» **Exercise directions**:
From the line containing "Hush Puppies Sabrina" to the last line of the data below, copy everything exactly and nothing else; pictures stay out.

________________________

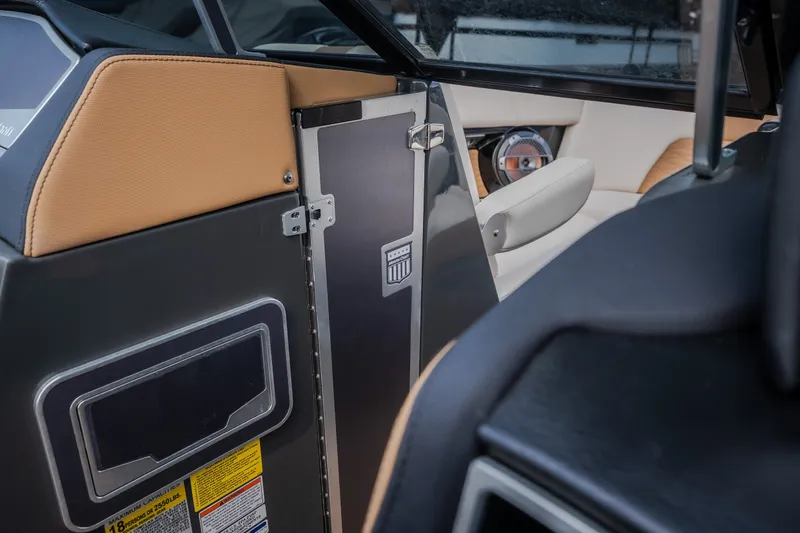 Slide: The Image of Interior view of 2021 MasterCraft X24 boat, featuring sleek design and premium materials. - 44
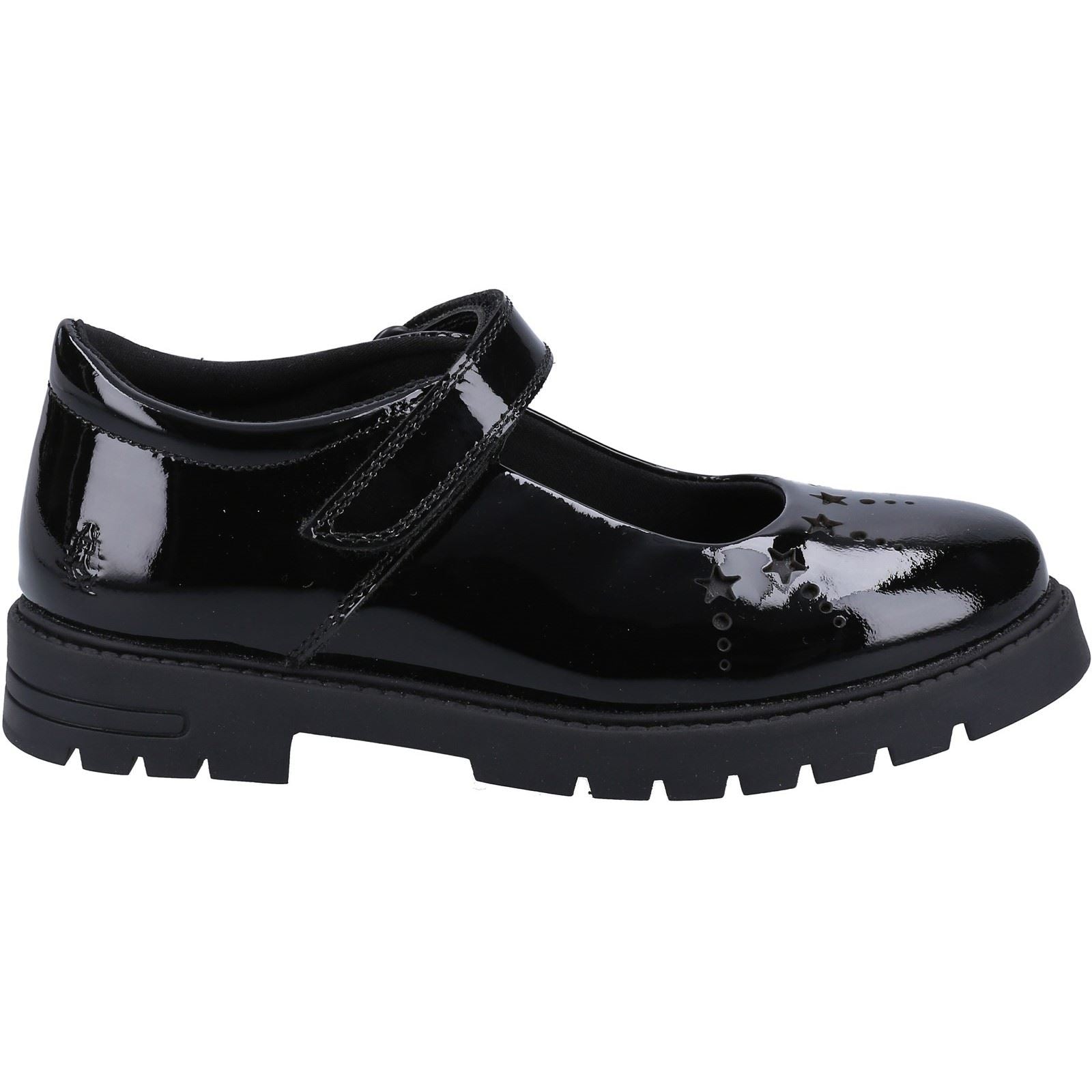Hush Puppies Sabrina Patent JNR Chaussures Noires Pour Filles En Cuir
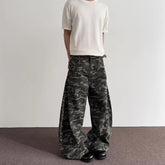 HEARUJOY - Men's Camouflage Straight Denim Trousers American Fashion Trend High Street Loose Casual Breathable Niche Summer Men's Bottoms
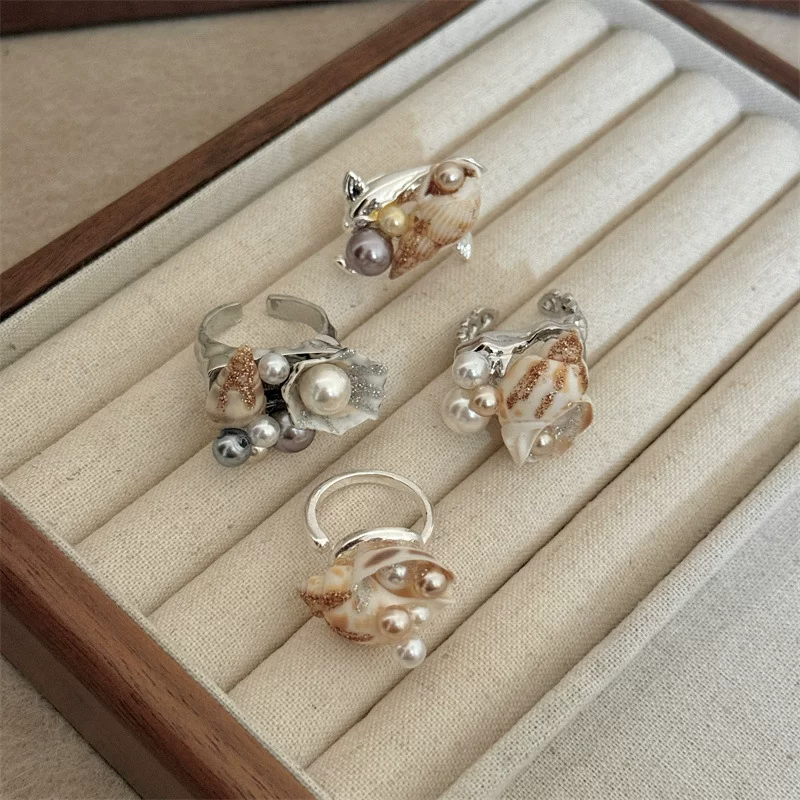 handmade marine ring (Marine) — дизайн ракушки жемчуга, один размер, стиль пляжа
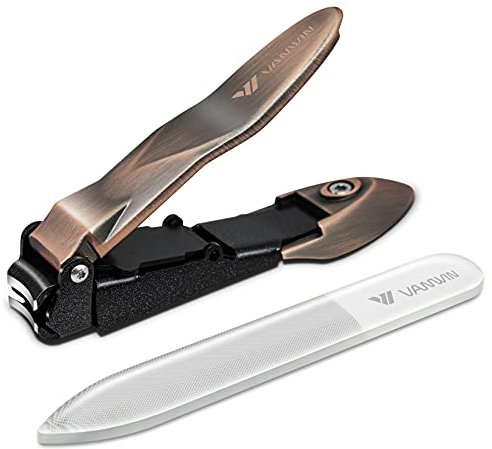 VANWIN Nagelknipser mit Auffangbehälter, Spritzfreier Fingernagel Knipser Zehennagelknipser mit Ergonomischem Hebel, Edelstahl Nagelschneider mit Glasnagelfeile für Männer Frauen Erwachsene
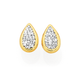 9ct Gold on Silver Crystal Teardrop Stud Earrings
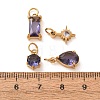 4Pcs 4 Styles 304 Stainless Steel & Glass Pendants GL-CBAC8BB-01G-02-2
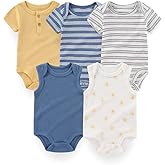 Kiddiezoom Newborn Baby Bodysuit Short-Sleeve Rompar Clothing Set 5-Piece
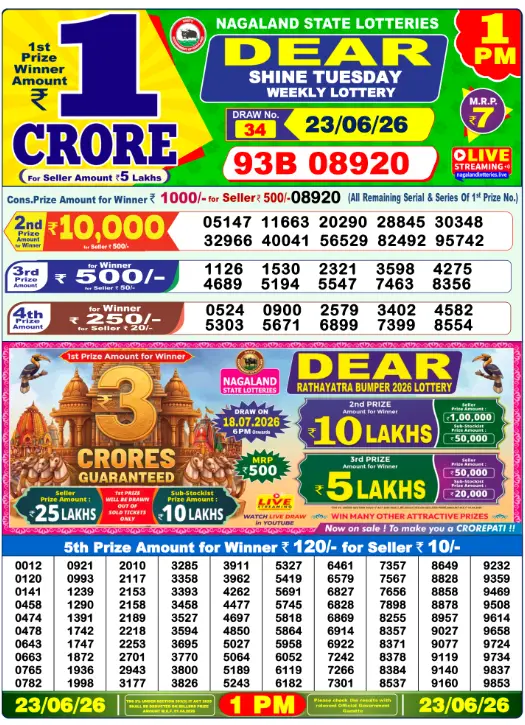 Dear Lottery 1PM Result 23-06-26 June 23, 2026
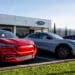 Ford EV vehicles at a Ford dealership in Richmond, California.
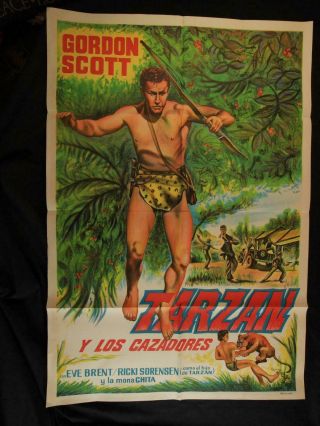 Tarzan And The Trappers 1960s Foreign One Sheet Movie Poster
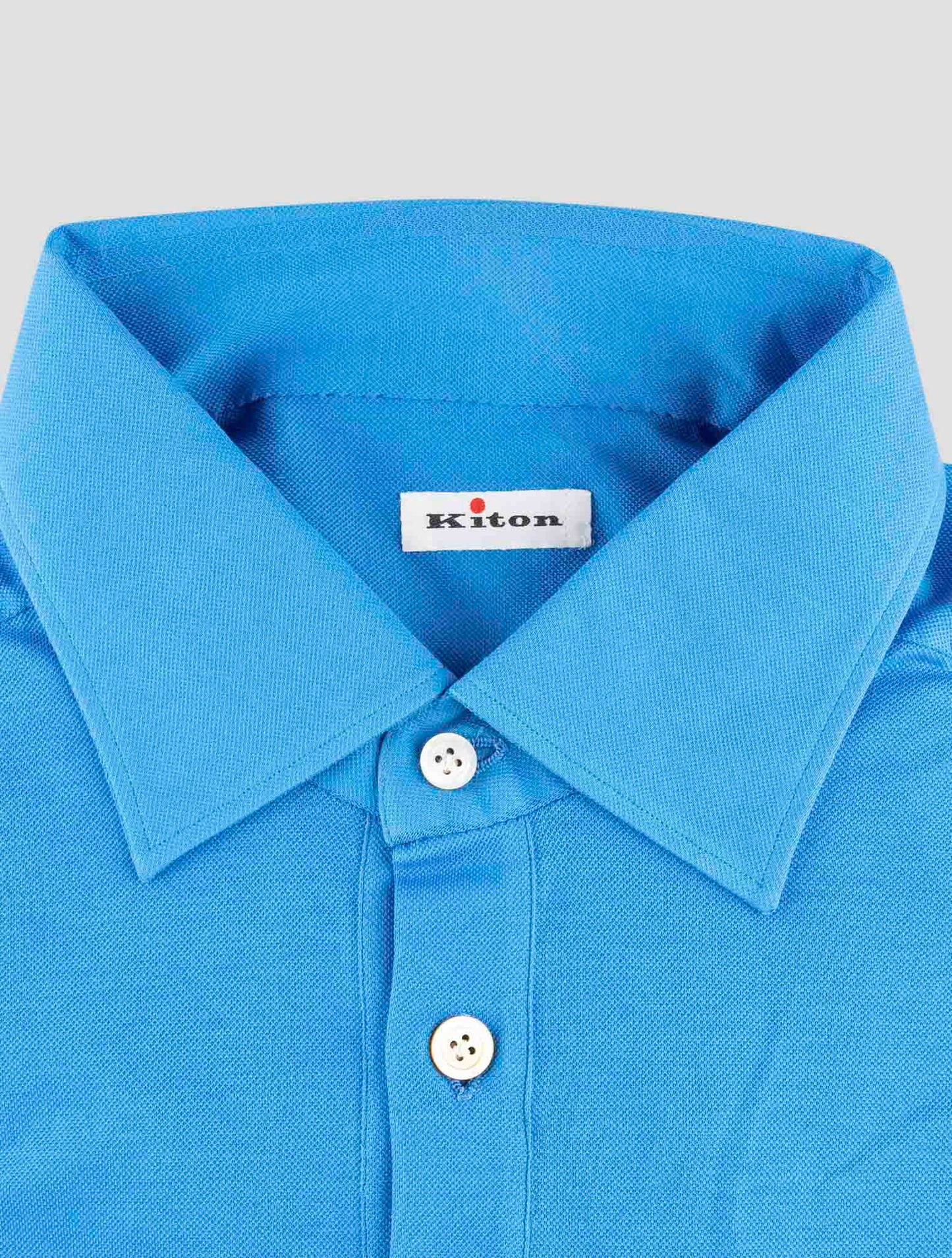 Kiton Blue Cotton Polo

________________________

» **Result**:
Hush Puppies Sabrina Patent JNR Chaussures Noires Pour Filles En Cuir
 HEARUJOY - Men's Camouflage Straight Denim Trousers American Fashion Trend High Street Loose Casual Breathable Niche Summer Men's Bottoms
 handmade marine ring (Marine) — дизайн ракушки жемчуга, один размер, стиль пляжа
 VANWIN Nagelknipser mit Auffangbehälter, Spritzfreier Fingernagel Knipser Zehennagelknipser mit Ergonomischem Hebel, Edelstahl Nagelschneider mit Glasnagelfeile für Männer Frauen Erwachsene
 9ct Gold on Silver Crystal Teardrop Stud Earrings
 4Pcs 4 Styles 304 Stainless Steel & Glass Pendants GL-CBAC8BB-01G-02-2
 Kiddiezoom Newborn Baby Bodysuit Short-Sleeve Rompar Clothing Set 5-Piece
 Dear Lottery 1PM Result 23-06-26 June 23, 2026
 Ford EV vehicles at a Ford dealership in Richmond, California.
 Tarzan And The Trappers 1960s Foreign One Sheet Movie Poster
 Kiton Blue Cotton Polo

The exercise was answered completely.